Si les résultats de la sous-étude neurologique de la WIHS étaient confirmés par une étude longitudinale, il serait peut-être possible de renverser le déclin neurocognitif observé chez certaines femmes séropositives en corrigeant les problèmes liés à la santé cardiovasculaire. Cette possibilité n'a rien de surprenant, car les interventions — habituellement la chirurgie — conçues pour renverser l'accumulation de plaque et le rétrécissement des artères ont déjà réussi à améliorer la fonction cognitive chez des personnes séronégatives âgées présentant ce genre de problèmes.
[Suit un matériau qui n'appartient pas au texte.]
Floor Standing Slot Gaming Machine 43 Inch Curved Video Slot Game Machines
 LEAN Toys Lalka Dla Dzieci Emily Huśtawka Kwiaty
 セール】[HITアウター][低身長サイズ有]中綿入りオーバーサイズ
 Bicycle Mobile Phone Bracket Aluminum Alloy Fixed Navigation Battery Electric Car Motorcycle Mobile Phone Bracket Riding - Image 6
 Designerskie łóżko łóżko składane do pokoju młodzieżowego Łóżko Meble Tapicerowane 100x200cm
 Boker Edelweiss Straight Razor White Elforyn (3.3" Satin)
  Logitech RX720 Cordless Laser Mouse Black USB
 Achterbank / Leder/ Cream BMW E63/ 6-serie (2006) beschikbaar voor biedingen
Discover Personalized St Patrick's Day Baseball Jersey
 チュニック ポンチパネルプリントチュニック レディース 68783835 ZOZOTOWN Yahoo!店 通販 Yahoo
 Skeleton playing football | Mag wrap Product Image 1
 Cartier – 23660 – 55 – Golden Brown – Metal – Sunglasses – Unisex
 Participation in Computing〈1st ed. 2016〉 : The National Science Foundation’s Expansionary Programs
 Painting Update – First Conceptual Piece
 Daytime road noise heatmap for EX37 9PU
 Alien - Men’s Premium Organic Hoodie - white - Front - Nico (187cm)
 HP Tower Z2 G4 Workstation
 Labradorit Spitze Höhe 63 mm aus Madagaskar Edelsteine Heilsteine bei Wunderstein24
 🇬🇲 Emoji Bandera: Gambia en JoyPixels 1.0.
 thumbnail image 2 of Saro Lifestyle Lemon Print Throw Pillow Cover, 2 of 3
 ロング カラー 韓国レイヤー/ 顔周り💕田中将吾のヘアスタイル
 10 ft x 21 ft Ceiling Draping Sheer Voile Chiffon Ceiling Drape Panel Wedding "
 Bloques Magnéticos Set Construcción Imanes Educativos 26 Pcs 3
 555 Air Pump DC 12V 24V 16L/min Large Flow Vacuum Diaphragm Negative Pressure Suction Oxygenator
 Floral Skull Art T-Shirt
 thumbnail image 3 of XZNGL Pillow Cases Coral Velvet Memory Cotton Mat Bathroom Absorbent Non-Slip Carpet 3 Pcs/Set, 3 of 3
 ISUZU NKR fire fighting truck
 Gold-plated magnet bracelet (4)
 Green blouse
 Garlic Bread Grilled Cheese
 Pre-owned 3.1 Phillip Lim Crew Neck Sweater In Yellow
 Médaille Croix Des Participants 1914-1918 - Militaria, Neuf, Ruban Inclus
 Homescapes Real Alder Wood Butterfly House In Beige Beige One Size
Rappelons cependant que la chirurgie a parfois des effets indésirables. Or, si les problèmes de l'artère carotide étaient détectés précocement chez les personnes séropositives, c'est-à-dire avant que des symptômes sérieux ne se déclarent, on pourrait évaluer l'impact de moyens plus sûrs d'améliorer la santé cardiovasculaire sur les atteintes neurocognitives. Ces moyens incluraient l'arrêt du tabac, les modifications alimentaires, l'exercice aérobique et le traitement des comorbidités comme le diabète, l'hypertension et les maladies du rein.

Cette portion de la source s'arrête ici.